Monday, December 19, 2011

A CHILD'S CHRISTMAS IN WALES, Storytelling in New York (c) By Polly Guerin

As great holiday music celebrates the Christmas season there’s but one very special sentimental journey back to simpler, innocent times of wonder and fantasy and that is the epic poem/story, A Child’s Christmas in Wales, by Dylan Thomas, which was produced recently by the Chelsea Opera Company with the Chelsea Opera Chamber Orchestra under the baton of the brilliant Maestro Carmine Aufiero. Here’s the scoop!!!
DYLAN THOMAS Just a year before his death in 1953 noted poet Dylan Thomas recorded A Child’s Christmas in Wales, a classic that has become one of the all time holiday favorites and his most recognized story. New York City composer Matthew Harris’ choral cantata poignantly captures the Christmas spirit and the humor in Thomas’s ageless story. Its sentimentality tugs at our hearts with nostalgic yearnings to go back and remember what a childhood was like in that seaside village in Wales.

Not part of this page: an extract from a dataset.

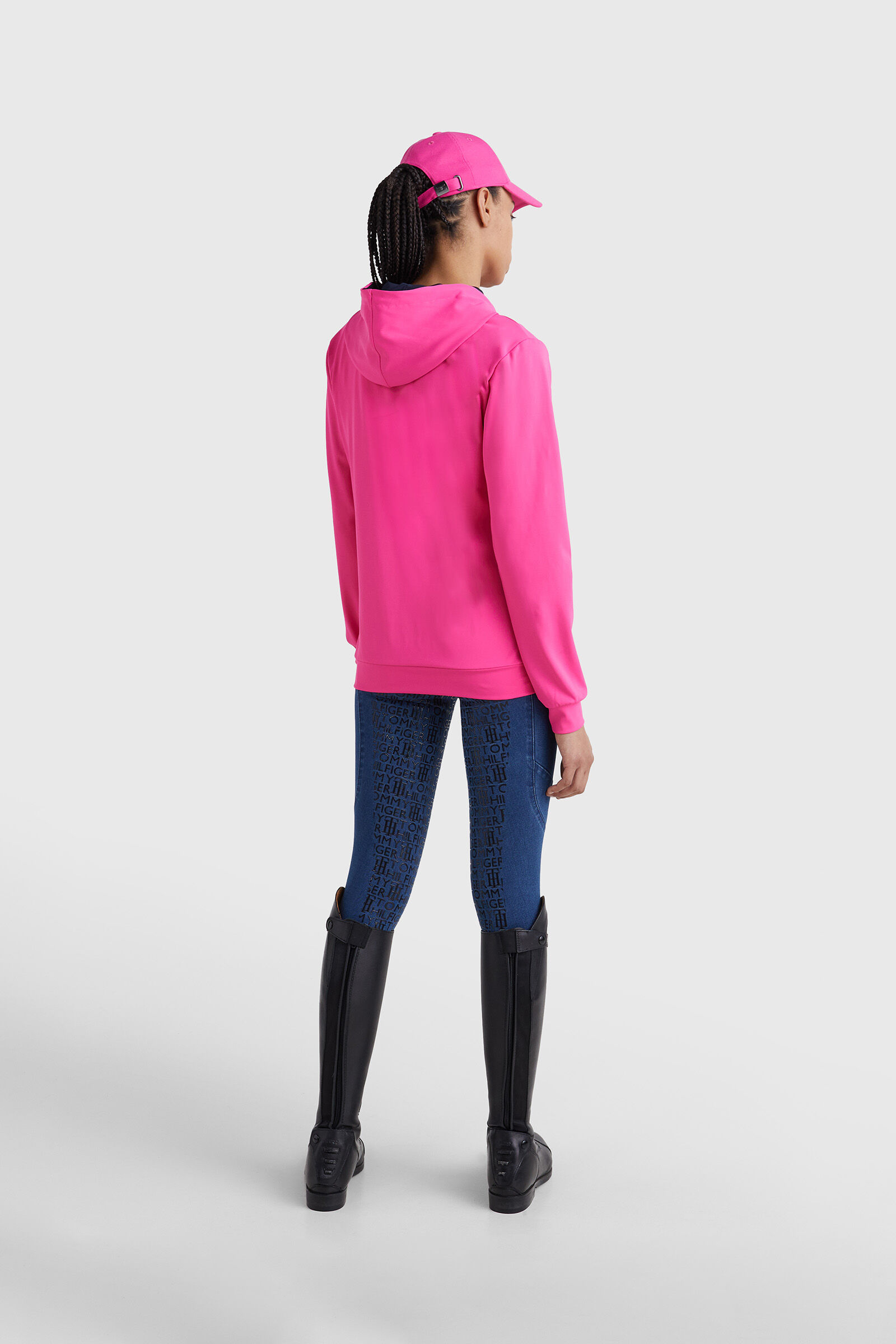 Tommy hilfiger hot sale pink hoodie women's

ONE CHRISTMAS WAS SO MUCH LIKE ANOTHER Many of us can relate to Thomas’s opening lines, “One Christmas was so much like another, in those years around the sea-town corner now and out of all sound except the distant speaking of the voices I sometimes hear a moment before was so much like another, in those years around the sea-town corner now and out of all sound except the distant speaking of the voices I sometimes hear a moment before sleep, that I can never remember whether it snowed for six days and six nights when I was twelve or whether it snowed for twelve days and twelve nights when I was six.”

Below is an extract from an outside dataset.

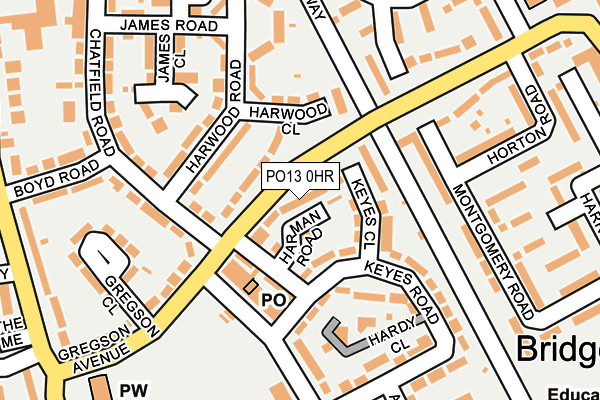 PO13 0HR map - OS OpenMap – Local (Ordnance Survey)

FIRE, FIRE, FIRE!!! “Nobody could have had a noisier Christmas Eve” leads us through a merry chase as the excitement, clamor and gong ringing cause such a ruckus that the firemen arrive in their shining helmets, standing among smoke and cinders and dissolving snowballs. Adding to the absurdness of the situation, Miss Prothero says to the firemen, “Would like anything to read?”
THE UNCLES reminds us so much about uncles at our house. Thomas recalls, “There were always Uncles at Christmas. The same Uncles. They sat in front of the fire, loosened all buttons, put their large moist hands over their watch chains, groaned a little and slept.” But there were aunties, too. “Auntie, Bessie, who had already been frightened twice, by a clockwork mouse, whimpered at the sideboard and had some elderberry wine. After some hilarious antics in the snow and a fantasy hippo enactment the children head home.
SINGING CAROLS Thomas waxes nostalgic, “I remember that we went singing carols once, when there wasn’t the shaving of a moon to light the flying streets, and always on Christmas night there was music. An uncle played the fiddle, a cousin sang Cherry Ripe, and another uncle sang Drake’s Drum. It was very warm in the little house. I got into bed, I said some words to the close and holy darkness, and then I slept.”
This endearing story referenced here is only an abbreviated sampling of the sentimentality that Thomas conveys through his recollections. It gives us pause to wonder and reflect on the similarities in our own Christmas celebrations replete with eccentric family members. However, most of all we may all feel better for having vicariously experienced this very quaint Christmas tale. It’s the kind of story that deserves reading to a new generation of children and grownups who will be carried away to a seaside village and A Child’s Christmas in Wales.